Unlike MHV infection, PDCoV infection promotes the transcriptions of ATF4 and its target genes CHOP and GADD34 (Bechill et al., 2008), and it notably induces ongoing host cellular translation attenuation. We speculate that this translation attenuation may be responsible for the minimal expression of UPR target genes. Rotavirus infection activates the IRE1 and ATF6 pathways, but these pathways are impaired at the translation level by viral nsp3 protein (Trujillo-Alonso et al., 2011). Whether PDCoV also encodes a protein with a similar function should be investigated. Translation attenuation has also been reported in infections with other viruses, such as SARS-CoV, HCoV-OC43, MHV, feline infectious peritonitis virus (FIPV), TGEV, PEDV, and herpes simplex virus type 1 (Bechill et al., 2008, Esclatine et al., 2004, Favreau et al., 2009, Xue et al., 2018). Generally, global translation inhibition induced by phosphorylated eIF2α represents a vital host cellular antiviral response, which is detrimental to viral replication. For example, the induction of PERK suppresses PEDV and TGEV replication (Wang et al., 2014, Xue et al., 2018). Inhibition of protein synthesis does not appear to be beneficial for MHV replication in vitro (Raaben et al., 2007). However, many viruses, such as foot-and-mouth disease virus (FMDV), DNV (Lee et al., 2018, Ranjitha et al., 2020), and human cytomegalovirus (HCMV) (Yu et al., 2013), can also utilize the PERK pathway to support viral replication. Our work demonstrates that activation of the PERK–eIF2α pathway suppressed PDCoV infection, implying that the inhibition of host protein synthesis induced by PDCoV might be detrimental for viral replication via downregulating cellular factors that are necessary for viral infection. Taken together, the PERK–eIF2α pathway displays variable effects during infection with different viruses.

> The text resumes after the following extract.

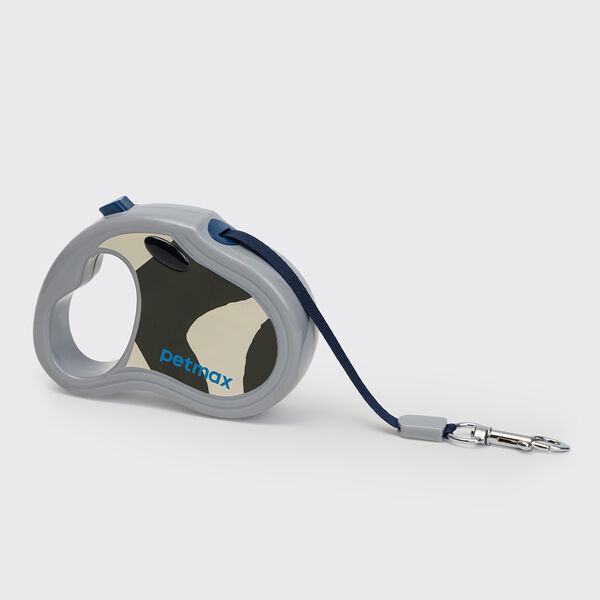 Рулетка Petmax XS ремень 3 м 15 кг серая с черным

The ERS and UPR are associated with signaling pathways involved in many different processes, such as apoptosis, autophagy, inflammation, and innate immunity. For example, PEDV induces autophagy in Vero cells via ROS-dependent ERS, mediated through the PERK and IRE1 pathways (Sun et al., 2021). Infectious bronchitis virus (IBV) activates ERS sensor IRE1 and MAP kinase ERK to modulate autophagy (Fung and Liu, 2019). SARS-CoV envelope protein regulates the cell stress response and apoptosis (DeDiego et al., 2011). SARS-CoV ORF3a protein induces ERS and antagonizes the interferon (IFN) signaling pathway (Minakshi et al., 2009). Previous studies have demonstrated that PDCoV infection induces apoptosis, autophagy, and inflammatory responses and inhibits IFN production and signaling transduction (Duan et al., 2021, Jung et al., 2018, Luo et al., 2016, Qin et al., 2019). Here, we demonstrated that PDCoV infection activates ERS and induces UPR activation. Whether PDCoV-induced ERS participates in the regulation of apoptosis, autophagy, inflammation, and IFN responses is an interesting question that deserves further exploration.

Conclusion

In summary, our data confirm that PDCoV infection activates the IRE1, ATF6, and PERK pathways of the UPR. We also demonstrate the negative role of the PERK pathway and the positive role of the ATF6 pathway on PDCoV replication. These findings lay the foundation for further dissecting the precise role of ERS and the UPR in PDCoV infection and will help identify molecular targets for the development of new antiviral strategies.

Conflicts of interest

The authors declare that there are no conflicts of interest.